Hi everyone,
first of all I'll briefly describe the enviroment:
no. 2 Windows 2008 R2 Servers (virtual) w/ 16vCpu and 64GB ram each
no. 5 SQL Server 2012 instances on each virtual server (w/ max memory and cpu affinity settings)
no. 5 Availability Group
This SQL Subsystem is used by no. 5 Sharepoint 2013 farms
Since almost one year we're experiencing some issues related to Availability Groups.
For example, during 24h we have more than once connection termination of all databases in AG, and immediate reconnection (eg. there's no failover)
AlwaysOn Availability Groups connection with secondary database terminated for primary database 'WordAutomationServices_e666ce2ffff24e6592f081cd755d3e9e' on the availability replica with Replica ID: {48f50542-dcad-493a-a2bb-f2b2a4d6ed73}. This is an informational message only. No user action is required.
[...]
While receiving such email alert
The recovery LSN (403:52:1) was identified for the database with ID 8. This is an informational message only. No user action is required.

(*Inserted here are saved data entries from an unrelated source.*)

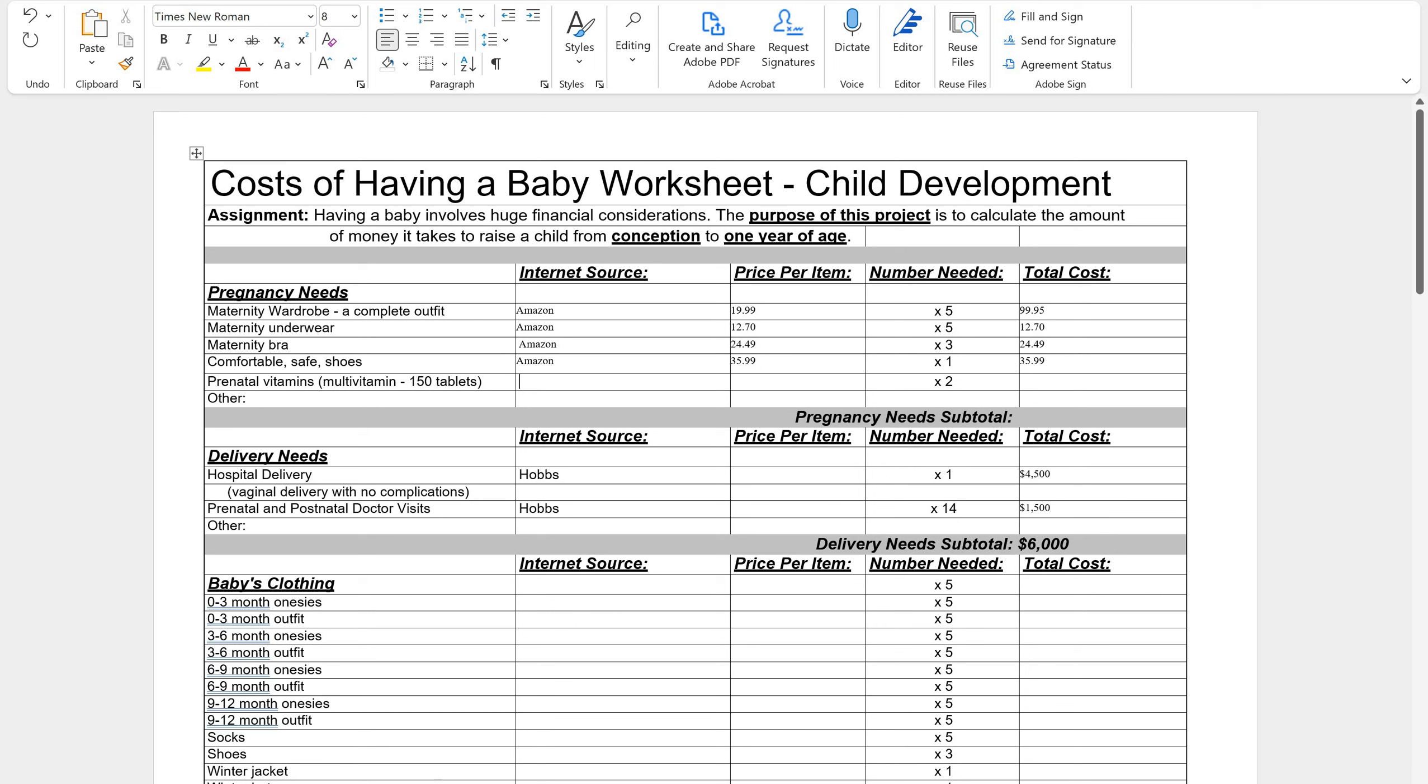And now I'm going to do my subtotal. This part is required, so don't forget to do your subtotals. So $99.95 plus $12.70 plus $24.49 plus $35.99 plus $24.50. And my total is going to be $197.63.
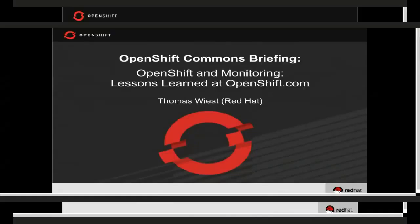Welcome again to another OpenShift Commons briefing. This week we're happy to have Thomas Wiest, who's been working at Red Hat for quite some time and is one of the folks behind the scenes at openshift.com. He's going to talk to us today about OpenShift, monitoring, and some of the lessons learned running OpenShift at scale in production. We'll be hoping to get your Q&A at the end of the session.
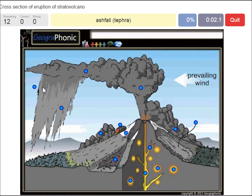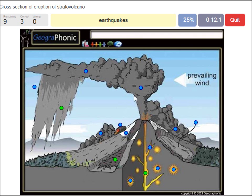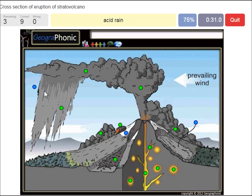Ashfall tephra. A lahar. Felsic magma, high in silica and gas. Earthquakes. A lava dome. An eruption cloud. Eruption column. A dike. A pyroclastic flow. Acid rain. A landslide. Snow and ice.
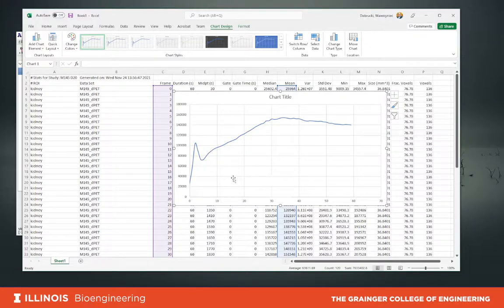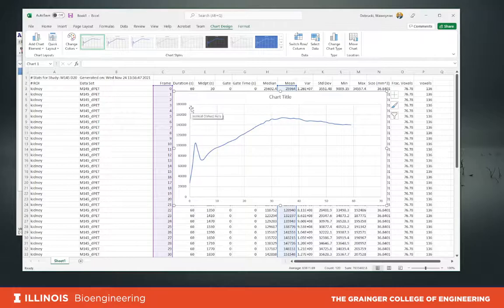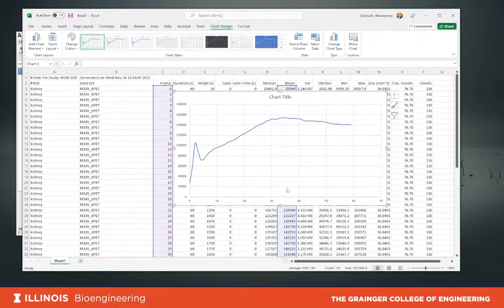Of course, if you are analyzing the blood pool using a region of interest placed on the heart, lung, or vessel, the shape will be completely different. In the blood, there will be very high activity early on, and then it will gradually decrease with exponential decay, going down to reach almost zero at 60 minutes.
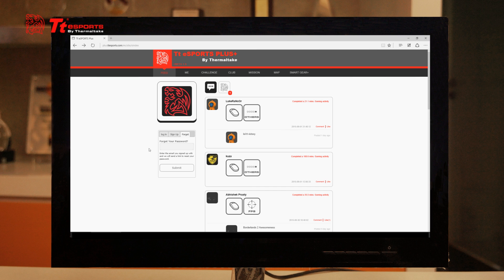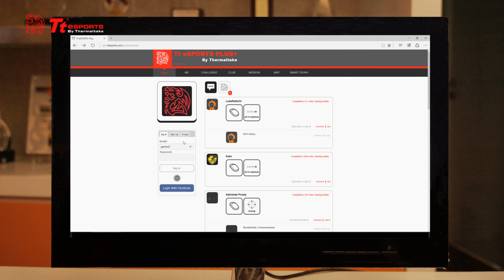Since we already have an account, we're going to click on login, then we're going to type in the email that we made our account with, and then we are going to be well on our way to checking our performance records.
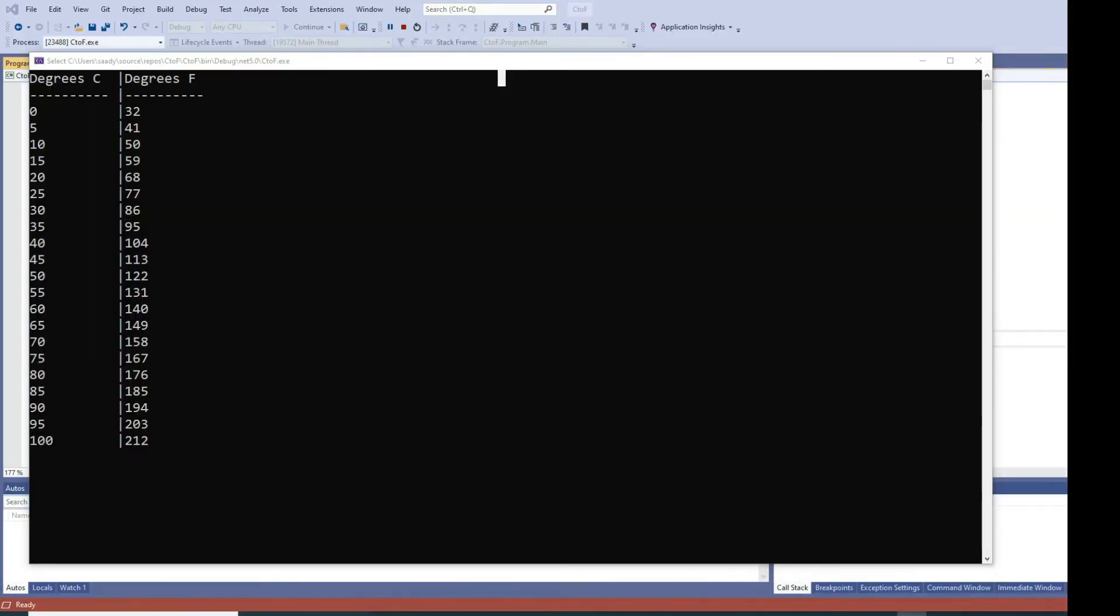Hi guys, hello and welcome to another C# programming tutorial. In this tutorial I will teach you how to create a chart that converts degrees Celsius to degrees Fahrenheit in increments of 5 degrees.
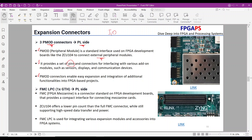FPGA mezzanine card, FMC, is a connector standard on FPGA development boards that provides a compact interface for connecting mezzanine cards. FMC is used for integrating various expansion modules and accessories into FPGA systems. The ZCU-104 offers a lower pin count than the full FMC connector, while still supporting high-speed data transfer and power.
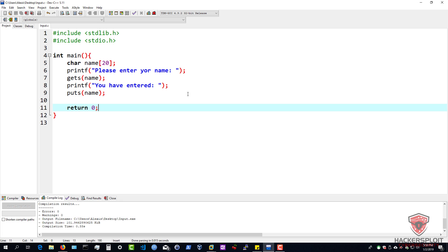That is how to use gets and puts, but I really do not prefer using this way. I like using scanf and printf, which is probably my favorite way of going about it. Now, when we talk about using strings or characters with printf, it really does have a different type of syntax.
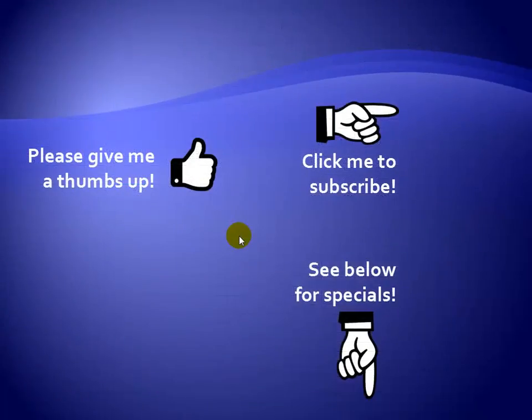Thanks for watching. As a quick reminder, if you like my video, please give it a thumbs up. You can also click on me and subscribe to my channel to get notified of the latest videos. And for great specials on my products, please see the description below this video.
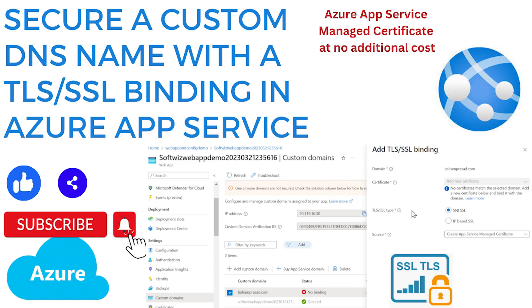Hello and welcome to our channel. My name is Balram Prasad and I am working with Microsoft Azure as a Software Engineer. In this demo we are going to see how we can secure a custom domain name with TLS SSL binding in Azure App Services.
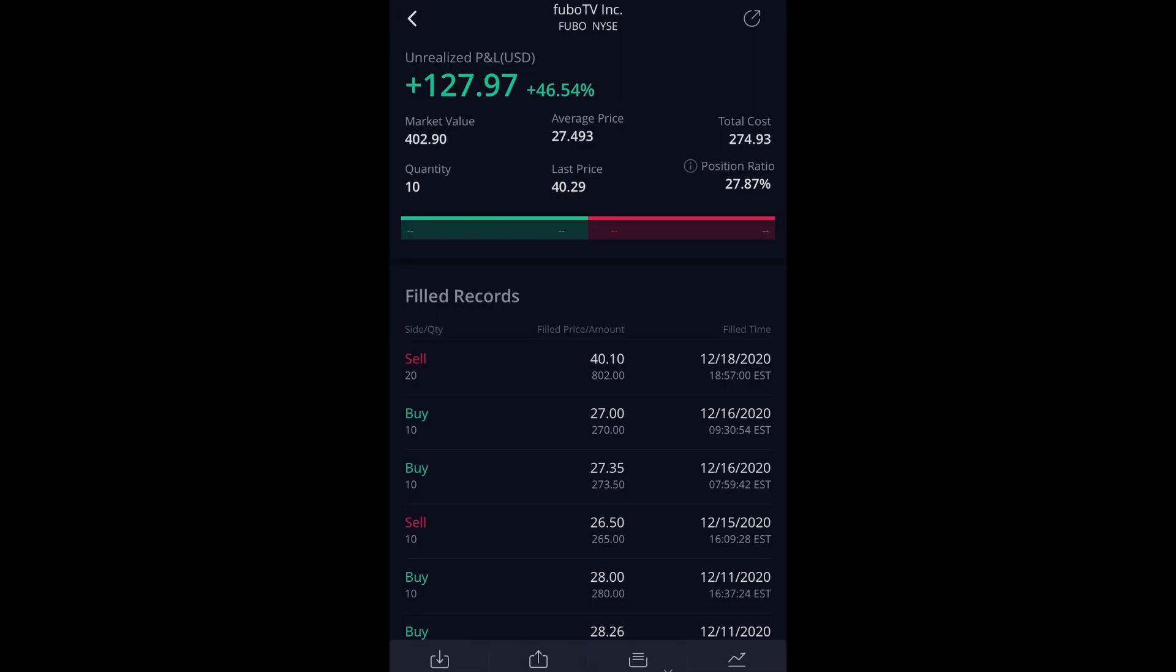Traders, investors, and peeps, what is going on? We are back, so we got to talk about stop losses. Stop losses on Weebull are pretty easy to set up. It was definitely confusing starting out coming from TD.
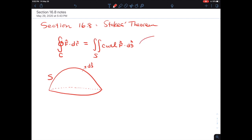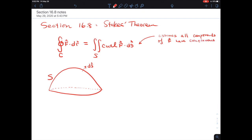The requirement is that this assumes all components of the field have continuous partial derivatives in an open region containing our surface.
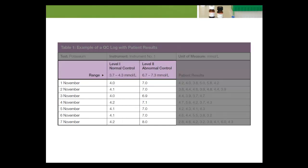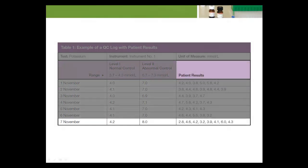On November 1st through November 6th, both controls were in control and patient values could be reliably reported. However, the laboratory was out of control for abnormal high potassiums on November 7th, because the QC value obtained was outside the acceptable range. This means that some error occurred which may have made some patient results unreliable. The laboratory should not report any patient samples with an abnormally high potassium result until the error is resolved and the abnormally high samples are retested.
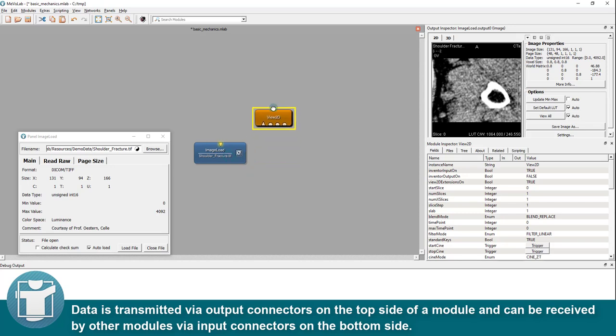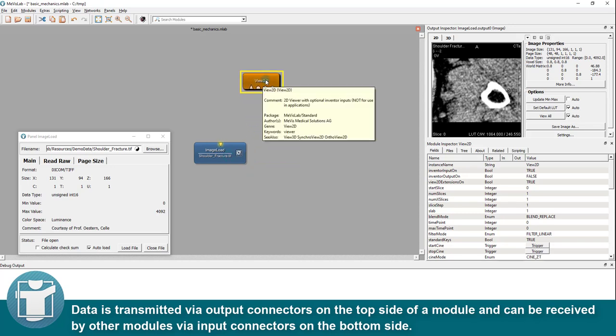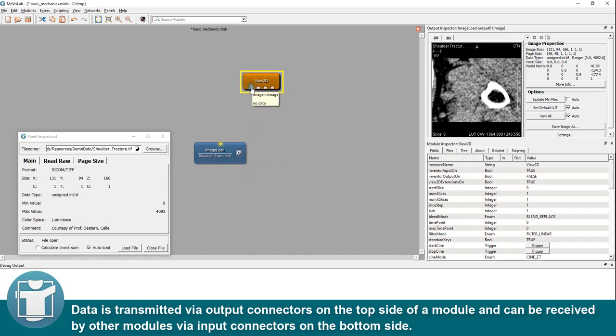Data is transmitted via output connectors on the top side of a module and can be received by other modules via input connectors on the bottom side.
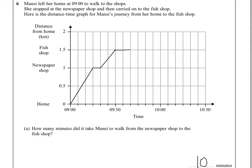Then she walks home at a constant speed of 3 kilometres per hour. This distance is 1.5 kilometres. If she can do 3 kilometres in an hour, that means she can do 1.5 kilometres in half an hour. Each block is 5 minutes, so half an hour — 30 minutes — divided by 5 minutes per block is 6 blocks.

Moreover, at least once per day we receive this alert email about Thread pool exaustion:
The thread pool for AlwaysOn Availability Groups was unable to start a new worker thread because there are not enough available worker threads. This may degrade AlwaysOn Availability Groups performance. Use the "max worker threads" configuration option to increase number of allowable threads.
Those events happens on every instance, obviously in different moments; btw Production instances are more affected than others (because of n. of databases in AG.
Recently this issues seems to have an impact on performances too.
Trying to drill down the bottleneck with waits stats analysis, I found that the culprit seems to be PREEMPTIVE, HADR and THREADPOOL waits:
Image may be NSFW.
Clik here to view.
It also seems not to show any evidence of I/O, memory or cpu pressure.
Any clue to pinpoint those issue and trying to isolate the problems?